» Work required
As you look over the data below, please find each line where the word "Navy" appears, then copy it.

Segment Start: Information given

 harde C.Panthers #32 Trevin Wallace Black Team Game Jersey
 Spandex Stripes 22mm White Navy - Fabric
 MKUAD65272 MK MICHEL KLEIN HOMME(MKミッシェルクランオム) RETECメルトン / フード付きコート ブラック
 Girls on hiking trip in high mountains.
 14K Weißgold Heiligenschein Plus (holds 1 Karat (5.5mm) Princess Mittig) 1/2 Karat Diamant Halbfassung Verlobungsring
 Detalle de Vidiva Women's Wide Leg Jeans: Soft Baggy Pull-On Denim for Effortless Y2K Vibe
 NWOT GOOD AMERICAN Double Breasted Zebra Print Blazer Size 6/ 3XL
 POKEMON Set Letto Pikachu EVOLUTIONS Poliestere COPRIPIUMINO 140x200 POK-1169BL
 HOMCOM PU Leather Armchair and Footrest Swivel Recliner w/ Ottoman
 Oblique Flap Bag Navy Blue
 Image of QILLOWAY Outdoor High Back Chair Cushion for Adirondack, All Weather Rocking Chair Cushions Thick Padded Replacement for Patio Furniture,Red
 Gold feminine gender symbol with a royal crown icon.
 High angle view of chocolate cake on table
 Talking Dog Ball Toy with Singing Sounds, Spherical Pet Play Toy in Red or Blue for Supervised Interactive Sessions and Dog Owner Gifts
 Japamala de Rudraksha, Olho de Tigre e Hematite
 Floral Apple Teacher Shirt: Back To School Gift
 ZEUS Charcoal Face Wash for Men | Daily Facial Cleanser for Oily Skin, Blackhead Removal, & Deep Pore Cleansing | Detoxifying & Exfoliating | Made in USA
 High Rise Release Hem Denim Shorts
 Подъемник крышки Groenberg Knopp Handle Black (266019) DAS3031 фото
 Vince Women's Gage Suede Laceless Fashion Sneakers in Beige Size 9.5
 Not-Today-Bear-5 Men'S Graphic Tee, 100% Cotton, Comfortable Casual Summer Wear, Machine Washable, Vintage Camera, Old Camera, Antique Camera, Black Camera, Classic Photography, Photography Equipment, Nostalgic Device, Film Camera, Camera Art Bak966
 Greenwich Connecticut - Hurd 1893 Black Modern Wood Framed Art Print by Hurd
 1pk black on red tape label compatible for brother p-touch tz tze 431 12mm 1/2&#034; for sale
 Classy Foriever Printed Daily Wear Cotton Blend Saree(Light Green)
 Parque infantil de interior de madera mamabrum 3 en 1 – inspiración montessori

Segment End: Information given

» Task response
 Spandex Stripes 22mm White Navy - Fabric
 Oblique Flap Bag Navy Blue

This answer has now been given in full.